What "domain expert" means is also changing however.

As I've mentioned often, I'm solving problems in a domain I had minimal background in before. However, that domain is computer vision. So I can literally "see" if the code works or not!

To expand, I've set up tests, benchmarks and tools that generate results as images. I chat with the LLM about a specific problem at hand, it presents various solutions, I pick a promising approach, it writes the code, I run the tests which almost always pass, but if they don't, I can hone in on the problem quickly with a visual check of the relevant images.

This has allowed me to make progress despite my lack of background. Interestingly, I've now built up some domain knowledge through learning by doing and experimenting (and soon, shipping)!

These days I think an agent could execute this whole loop by itself by "looking" at the test and result images itself. I've uploaded test images to the LLM and we had technical conversations about them as if it "saw" them like a human. However, there are ton of images and I don't want to burn the tokens at this point.

The upshot is, if you can set up a way of reliably testing and validating the LLM's output, you could still achieve things in an unfamiliar domain without prior expertise.

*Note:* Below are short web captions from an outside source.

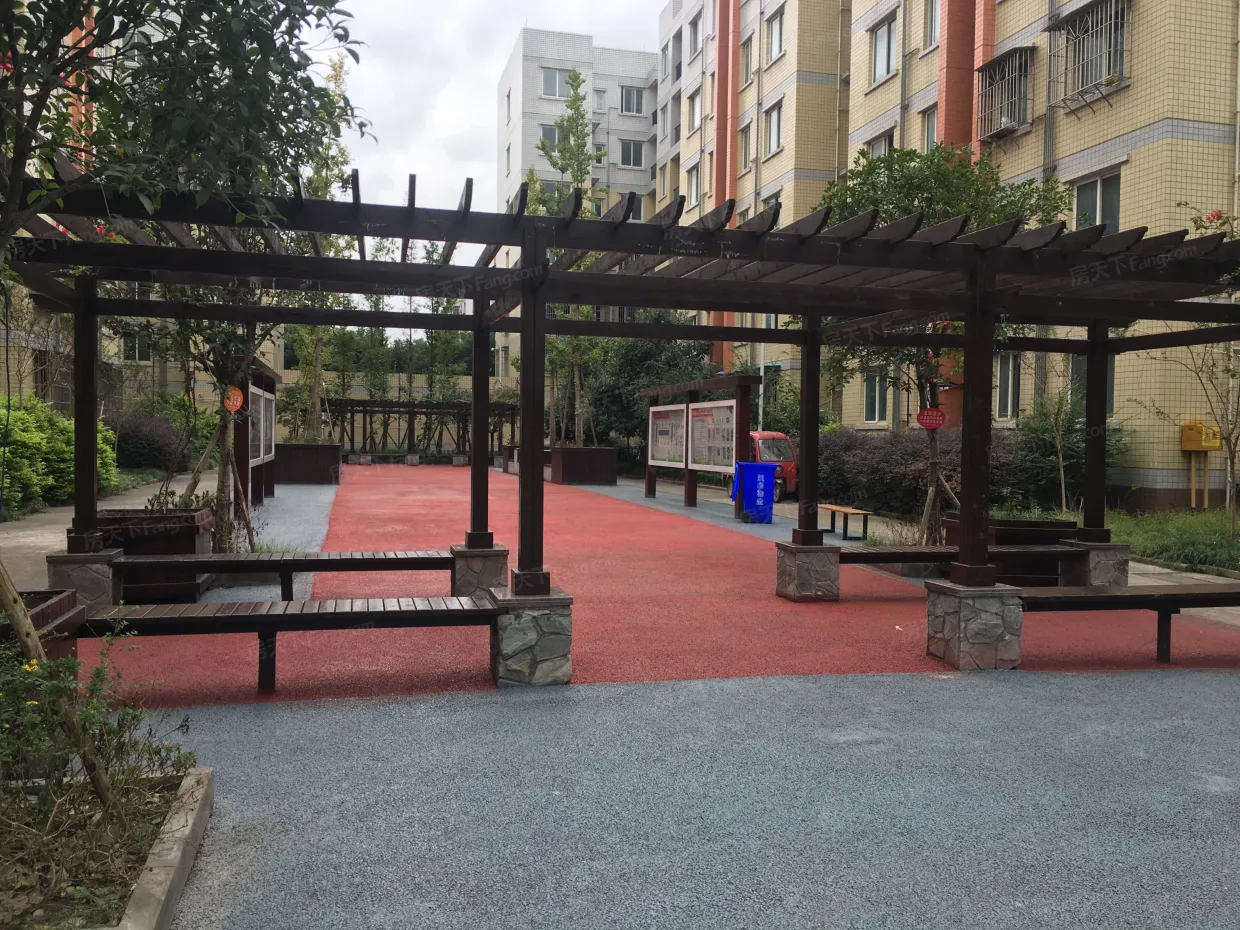 【重庆陈家桥安置房小区,二手房,租房】- 重庆房天下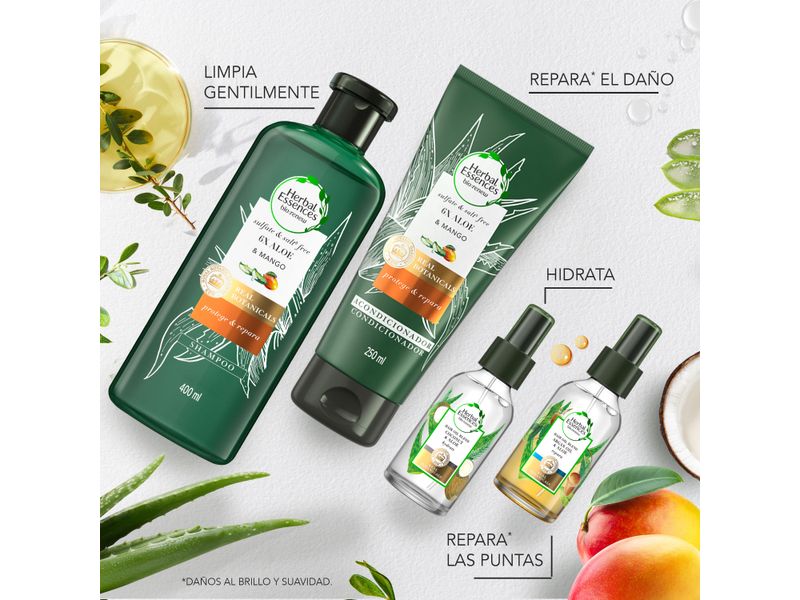 Sahmpoo-Herbal-Essences-Con-Aloe-Y-Mango-400ml-10-14945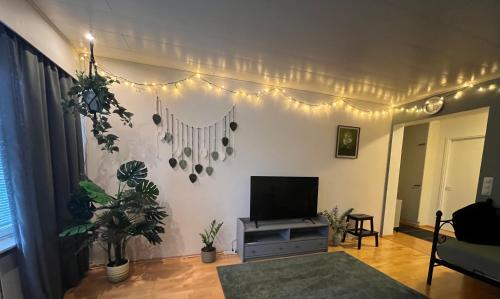 Cityflat by Travel Center, Lappeenranta (zdjęcie 6)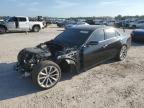 2018 CADILLAC CTS-V - 1G6A15S66J0167192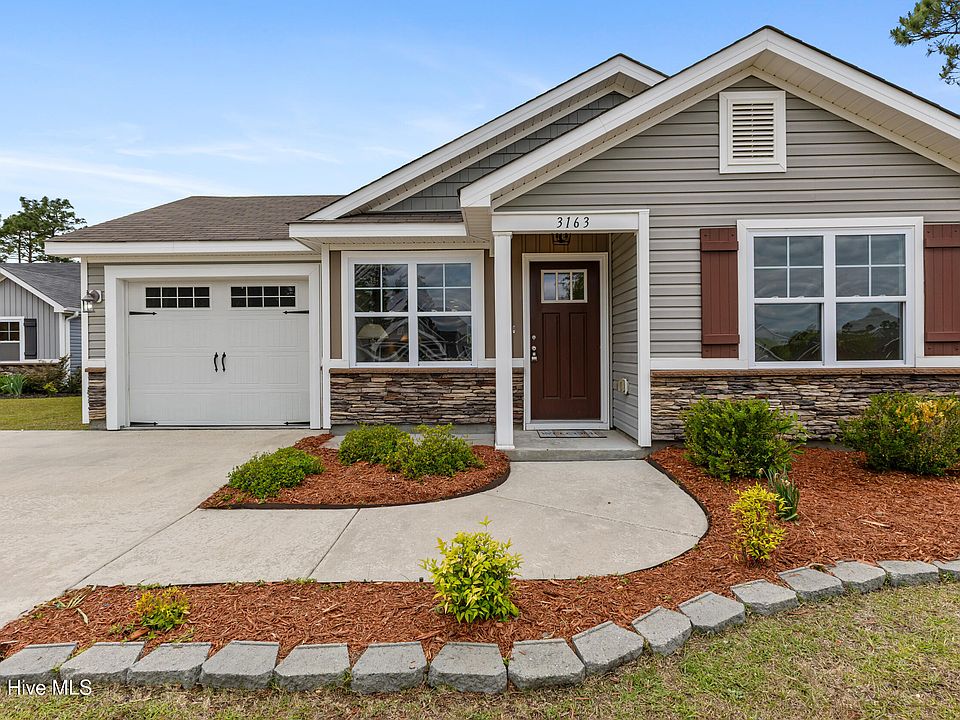 1st image of 3163 Greenridge Way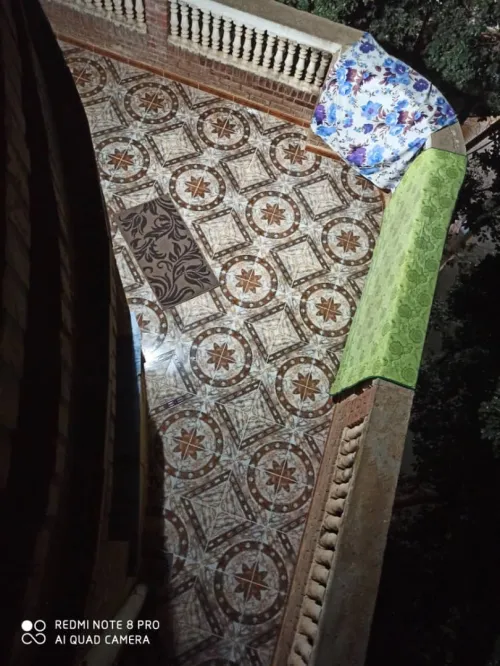 Vente Villa Ain temouchent El malah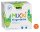 KREUL MUCKI Fingerfarben farbsortiert 4 x 150,0 ml, 4 St.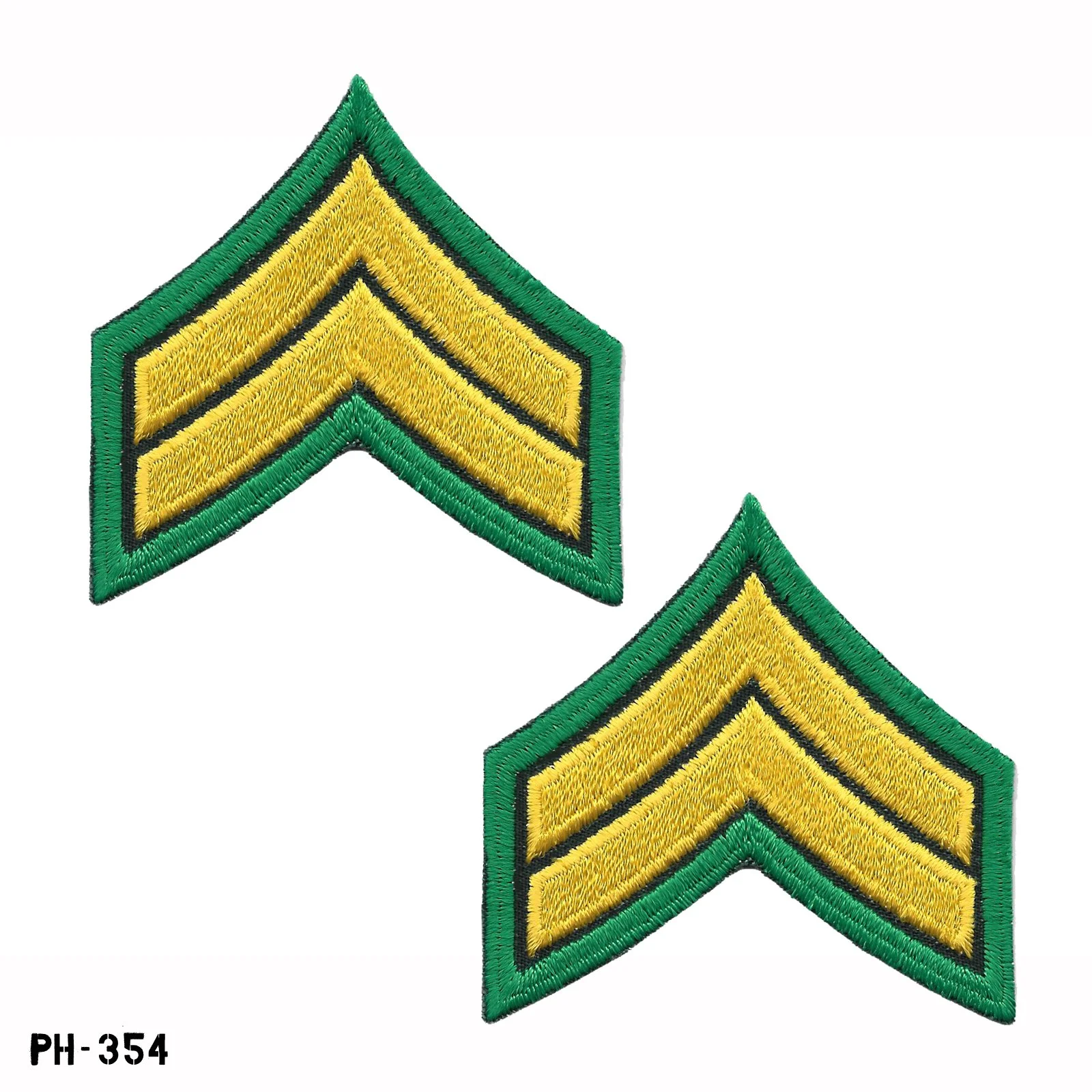 PH-354.jpg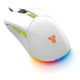 Mouse Fantech Phantom II VX6 Blanco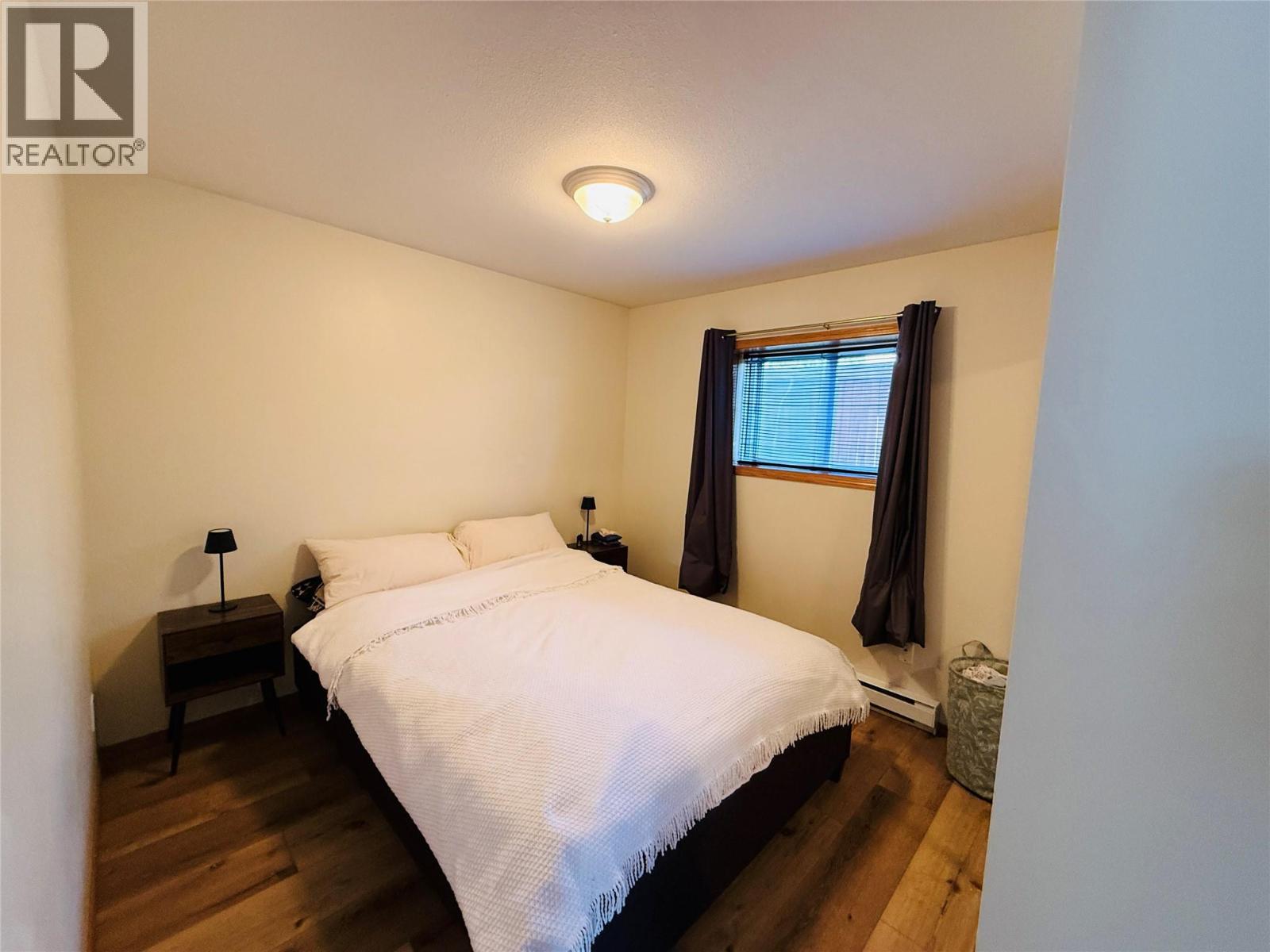 7506 COLUMBIA Avenue, Radium Hot Springs
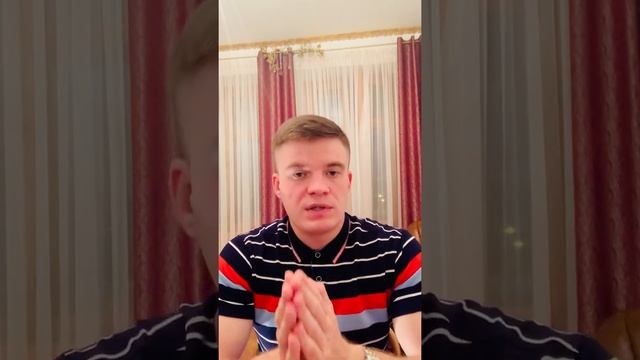 КАК УСТАНОВИТЬ #ОТЦОВСТВО??? #суд#юрист#отцовство смотреть онлайн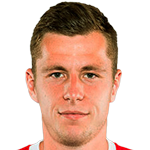 Lukas Reiff Lerager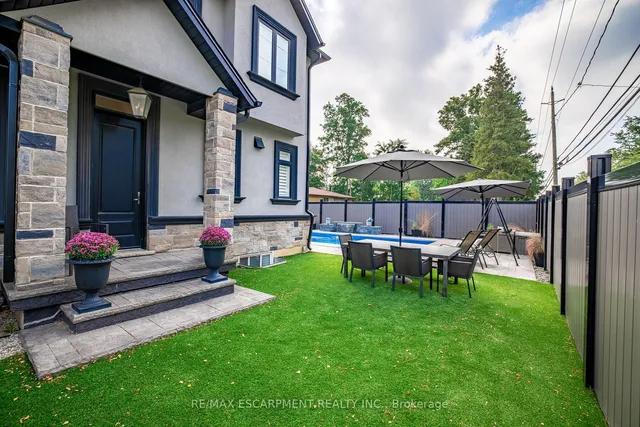 Additional property image - 4 Lockman Dr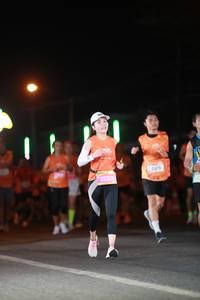 BIB: 26328, 25476
                            <button type="button" onclick="openModal(21705195)" class="btn btn-primary btn-sm float-right btn-popup" data-toggle="modal" data-target=".modal-high-quality">
                        <i class="fas fa-shopping-cart"></i> Add to Cart
                    </button>
                                            <button type="button" onclick="isThisMe(21705195, true)" class="btn btn-success btn-sm float-right btn-popup btn-isme hidden" data-toggle="tooltip" data-placement="bottom" title="นี่คือรูปของคุณใช่ไหม คลิกที่นี่เพื่อเอาเข้าอัลบั้ม">
                        <i class="fas fa-plus"></i> Add to album
                    </button>
                    <button type="button" onclick="isThisMe(21705195, false)" class="btn btn-warning btn-sm float-right btn-popup btn-isnotme hidden">
                        <i class="fas fa-ban"></i> Remove from album
                    </button>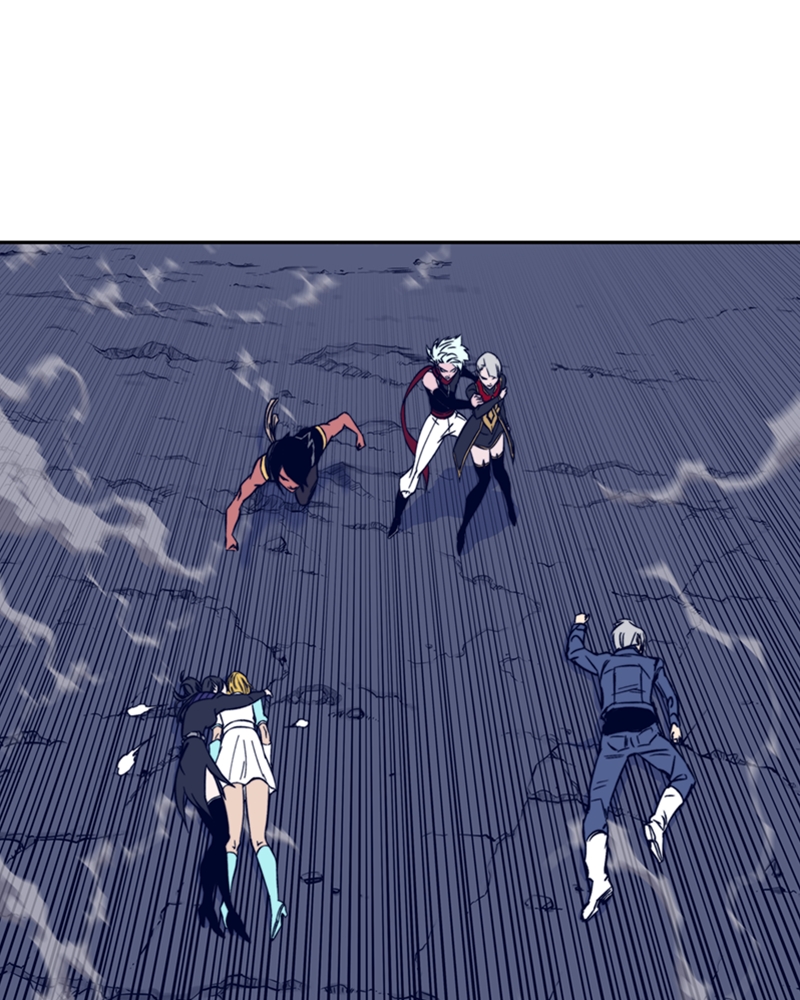 Page 214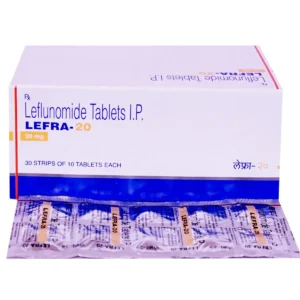 LEF-20 Carton, Support Top - 1000011799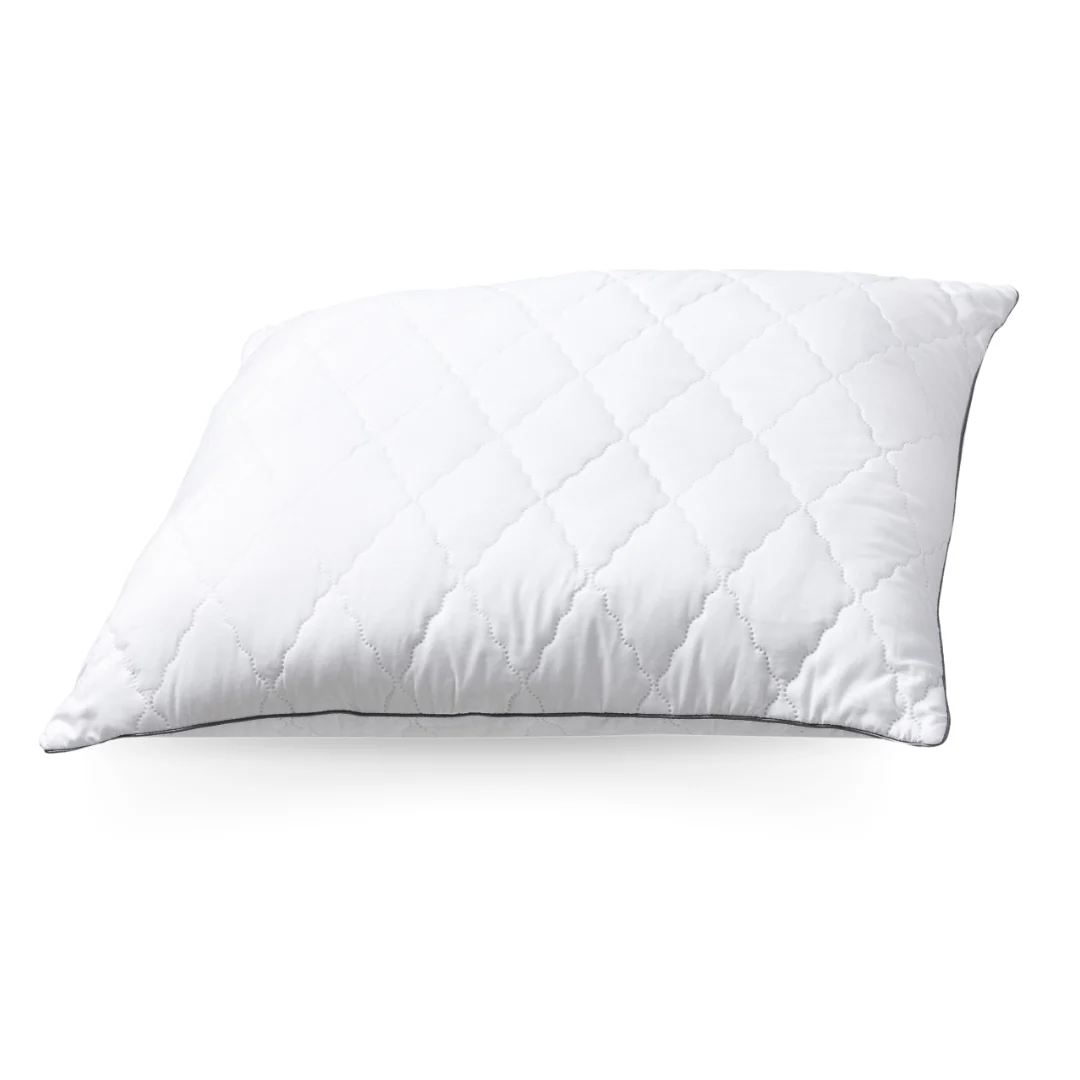 Zelesta Pillow 40x60cm - Image 5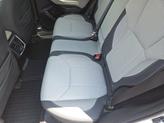 Thumbnail of 2023 Crystal White Pearl Subaru Forester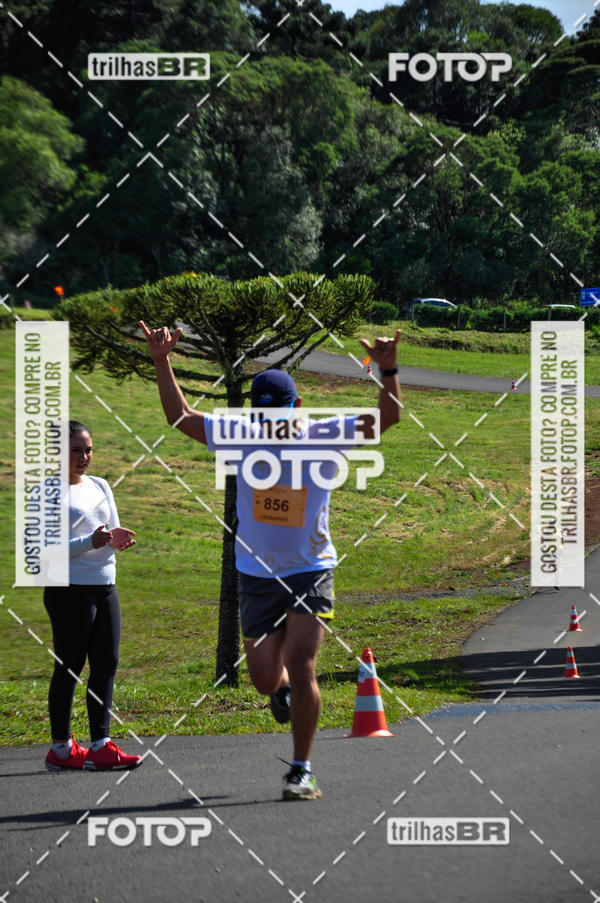 Buy your photos of the eventCIRCUITO DOS VINHEDOS - VINHOS DE ALTITUDE on Fotop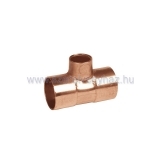 Réz szûk t 18-15-18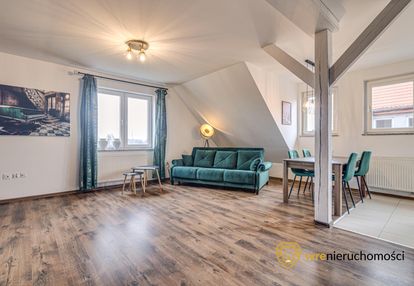 120 m2 po podłodze/zieleń/5 pokoi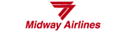 Filename=midwayairlines-1980s.gif
Filesize=1KiB
Dimensions=127x32
Date added=Apr 10, 2006 midwayairlines-1980s.gif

Taking your Postgres example, it's a heavily tested and benchmarked project. I would bet someone like Antirez would be able to jump in and do original, valid work using AI very quickly, because even if hasn't futzed with Postgres code, he HAS futzed with a LOT of other code and hence has a deep intuition about software architecture in general.

So this is what I meant by the meaning of "domain expert" changing. The required skills have become a lot more fundamental. Maybe the only required skills are intuition about software engineering, critical thinking, and basic knowledge of statistics and the scientific method.